In this article, we will look at different ways to supply configuration to Terraform templates.

We need to give Terraform extra configuration because our templates should be re-usable for different environments and different settings.

We should, whenever possible, use the same template to provision both production and test environments.

The only difference between this environments is the configuration we are injecting into the template.

Let's get straight to coding.

The first and most common way to configure Terraform templates is to use variables.

The best practice to define all the variables is to create a separate file.

When we run Terraform commands, it discovers all the files with .tf extension in the current directory.

The first variable I need is the authentication token.
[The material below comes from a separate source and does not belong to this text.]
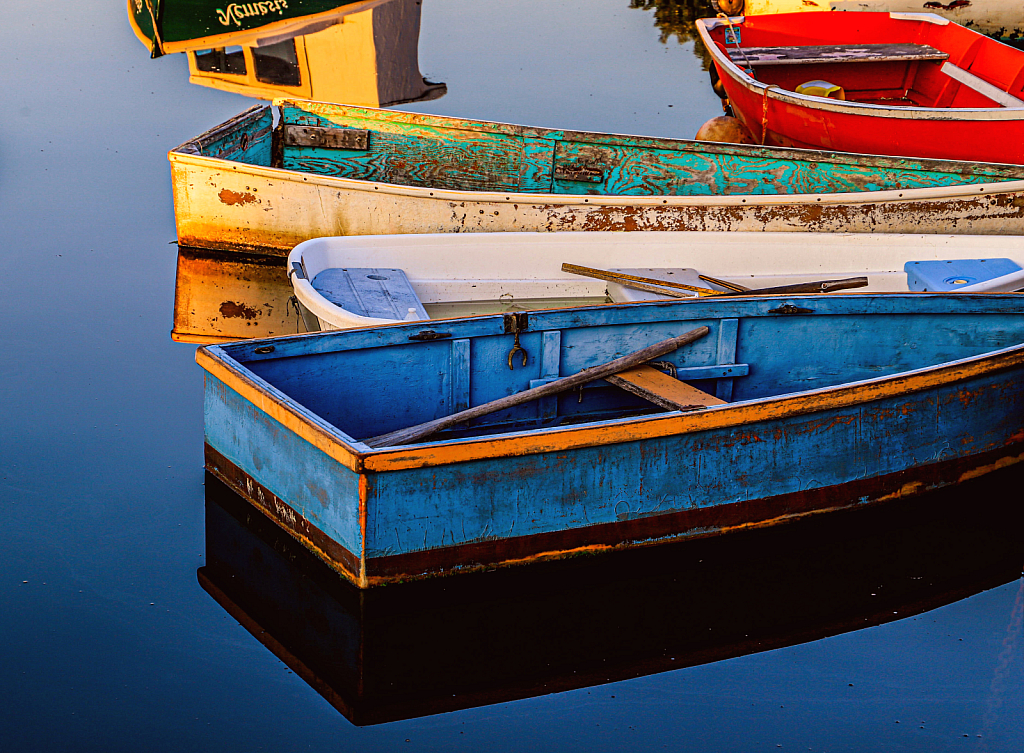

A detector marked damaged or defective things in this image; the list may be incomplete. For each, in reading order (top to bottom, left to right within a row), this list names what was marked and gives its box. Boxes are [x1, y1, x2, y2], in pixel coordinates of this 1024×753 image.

rusty metal hardware [282, 125, 370, 150]
rusty metal hardware [502, 312, 528, 370] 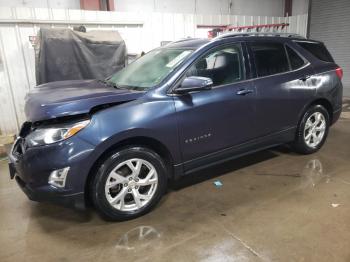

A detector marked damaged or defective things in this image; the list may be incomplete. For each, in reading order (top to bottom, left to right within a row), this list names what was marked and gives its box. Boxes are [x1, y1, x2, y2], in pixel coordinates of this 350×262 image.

crumpled hood [25, 79, 144, 122]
It's important to keep such a sensitive data outside the Terraform template itself. Most likely, you are going to store the templates in Git. You should never store secrets in plain text in your Git repositories.

To define a variable, we need to type the variable statement followed by the variable name.
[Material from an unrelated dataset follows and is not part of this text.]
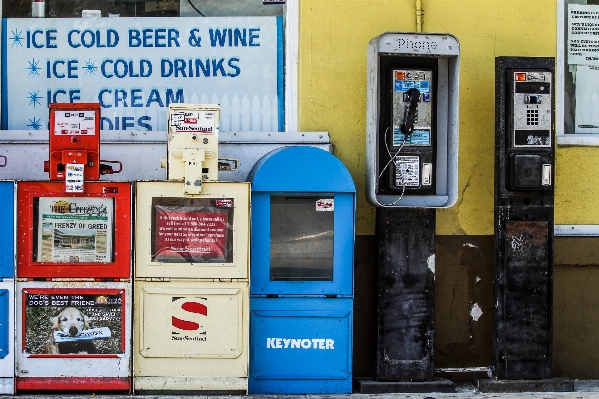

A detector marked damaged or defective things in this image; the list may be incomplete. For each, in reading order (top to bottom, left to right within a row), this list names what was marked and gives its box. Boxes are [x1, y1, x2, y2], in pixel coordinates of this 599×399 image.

Inside the variable block we should define the variable and, when applicable, the default value.

There are multiple different variables types in Terraform.
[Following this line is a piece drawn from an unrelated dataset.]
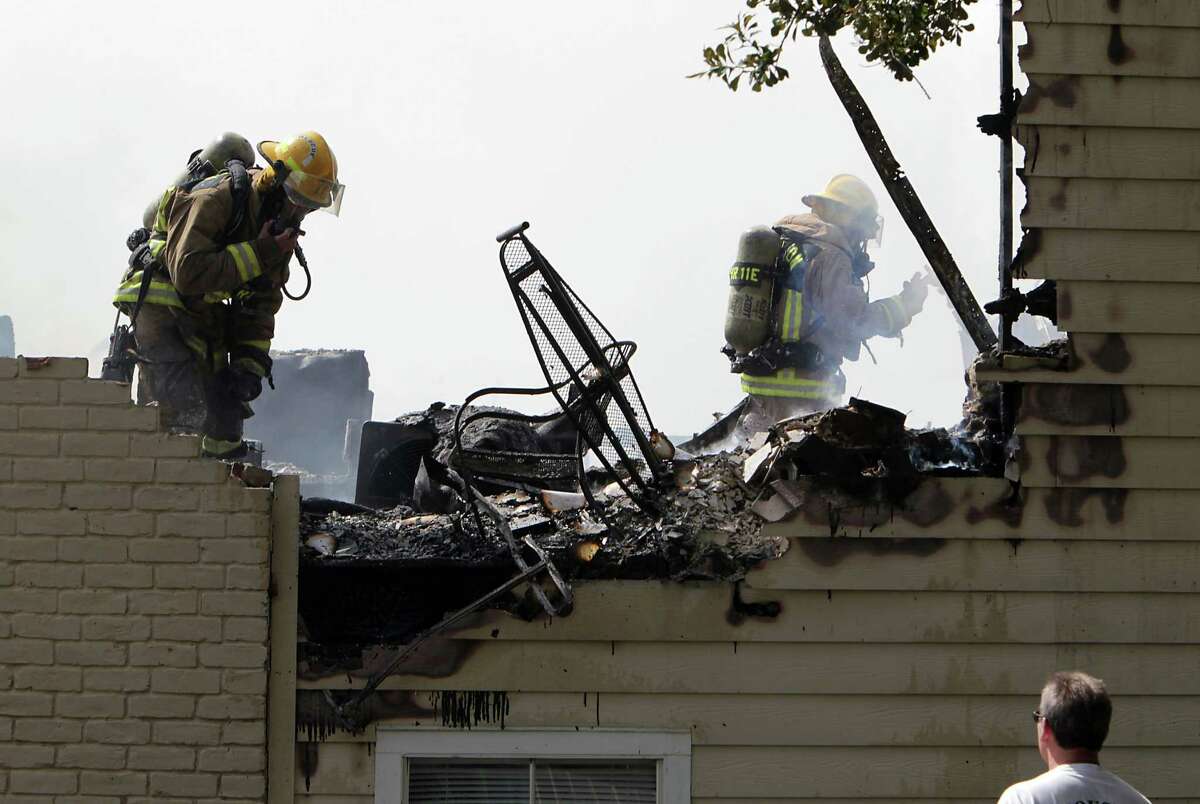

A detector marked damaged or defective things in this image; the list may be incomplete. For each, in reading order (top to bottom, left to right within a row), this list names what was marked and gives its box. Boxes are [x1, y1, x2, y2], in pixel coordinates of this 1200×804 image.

charred metal frame [488, 220, 672, 516]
We can use a number of simple data types, like lists, numbers, maps and simple objects in addition to the string type that I am going to use.

It's a good practice to also set the description for your variable, so that it's purpose is clear.

The second variable is the environment. I will set prod as the default value.

The last variable I will define is the project name variable.

Screenshot of a computer screen displaying code in a text editor with a dark background, showing definitions of variables in a Terraform configuration file.

I am also renaming the file to be, to follow the conventions set in Terraform world.

Let's open the main template.

A screenshot of a computer terminal with typed commands related to managing files in a Git repository, including use of the 'vi' editor and 'mv' (move) command.

To use variables inside the template, we need to type var.variable_name.

Let me insert new variable everywhere they should be.

Screenshot of a computer screen displaying a coding interface with Terraform code, including configuration for a provider, project, ssh key, device, and output for a public IP address.

Now let's see what happens if I run terraform plan.

As we did not set default values for a couple of variables, Terraform will ask for them interactively. While useful sometimes, interactive input contradicts automation.

There are three other ways to set the values for variables.

The first one, excellent for setting the secrets locally, is by using environment variables.

Terraform will recognize any environment variable starting with TF_VAR_variable name and use the the value of this environment variable as a value of Terraform variable.

I will set my auth token this way.

The second way is to supply them as command line arguments, like this:

A screenshot of a computer terminal with command-line interface showing commands related to exporting an environment variable and executing a Terraform plan with variable parameters.

It's not much better than setting the values interactively.

The third way is to create a variables files, with values defined inside.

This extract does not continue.